Trois New Yorkais Blancs se convertissent eux-aussi au rap. Grâce à leur background de musiciens punks, les Beastie Boys lui infusent une dose massive de rock. Sorti en 1986, l’album Licence to ill produit une véritable commotion et devient le premier disque rap à se hisser tout en haut du Billboard. Le disque comporte plusieurs excellentes pièces dont You Got to Fight for Your Right et No Sleep till Brooklyn. À ce jour, les Beastie Boys demeurent un des rares groupes blancs à avoir eu un impact indéniable sur la culture hip hop.
Vers la fin des années 1980 le rap se durcit avec des formations comme Public Enemy. Ce groupe allie un son lourd et parfois chaotique à des paroles très politisées. Leur esthétique repose essentiellement sur des grooves particulièrement inventifs et des paroles coup de poing qui sortent littéralement des tripes. La pochette de l’album It Takes a Nation of Millions to Hold us Back, nous montre les membres du groupe en prison derrière les barreaux. Sorti en 1988, l’album joue en boucle sur WBLS, notamment les pièces Rebel Without a Pause et Don’t Believe the Hype.

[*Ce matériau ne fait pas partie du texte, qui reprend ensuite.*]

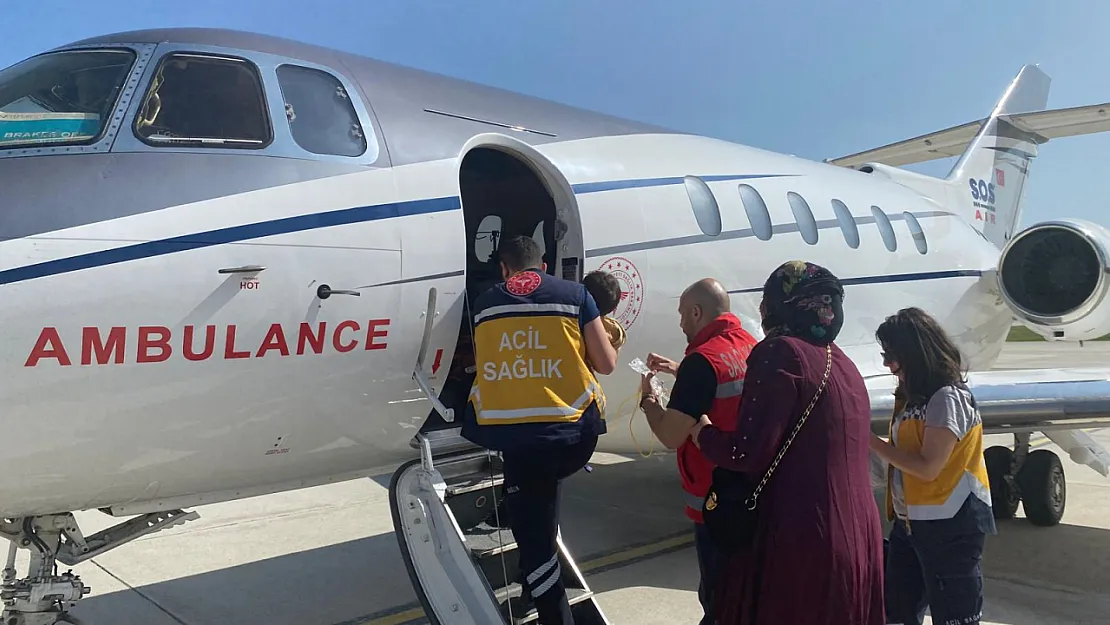 Ağrı'da 2 Yaşındaki Çocuğa Fulminan Hepatit Tanısı: Uçak Ambulansla Ankara'ya Sevk Edildi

La production de l’album établit un nouveau standard en matière de rap et elle n’a, à mon avis, jamais été surpassée.

Sorti en 1989, l’album 3 Feet High and Rising du groupe De la Soul est le dernier disque rap qui a tourné sur ma platine. Truffé de grooves surprenants, cet album nous fait découvrir l’ampleur de la culture musicale du groupe. De la Soul ne se contente pas d’utiliser les désormais classiques extraits de funk, il utilise tout ce qui peut lui permettre d’exprimer sa vision singulière; rock psychédélique, blues, hip hop, disco… Ce disque est un collage monumental et la liste complète des samples prendrait un article à elle seule. De la Soul apporte une bonne dose d’humour au rap et s’éloigne ainsi de l’image macho où se réfugient de plus en plus de groupes.
J’ai cessé d’écouter du rap peu après parce que j’étais mal à l’aise avec l’image du gangsta rap. Toute cette violence et cette vulgarité n’ont, à mon avis, rien à voir avec les origines chaudes et ensoleillées du rap et violent carrément les préceptes véhiculés par presque tous les plus grands rappers. Pour comprendre pourquoi et comment le rap a été dénaturé, je recommande l’excellent documentaire Hip Hop : Beyond Beats and Rhymes (produit par PBS).
Note : les chansons en brun sont dans le mix.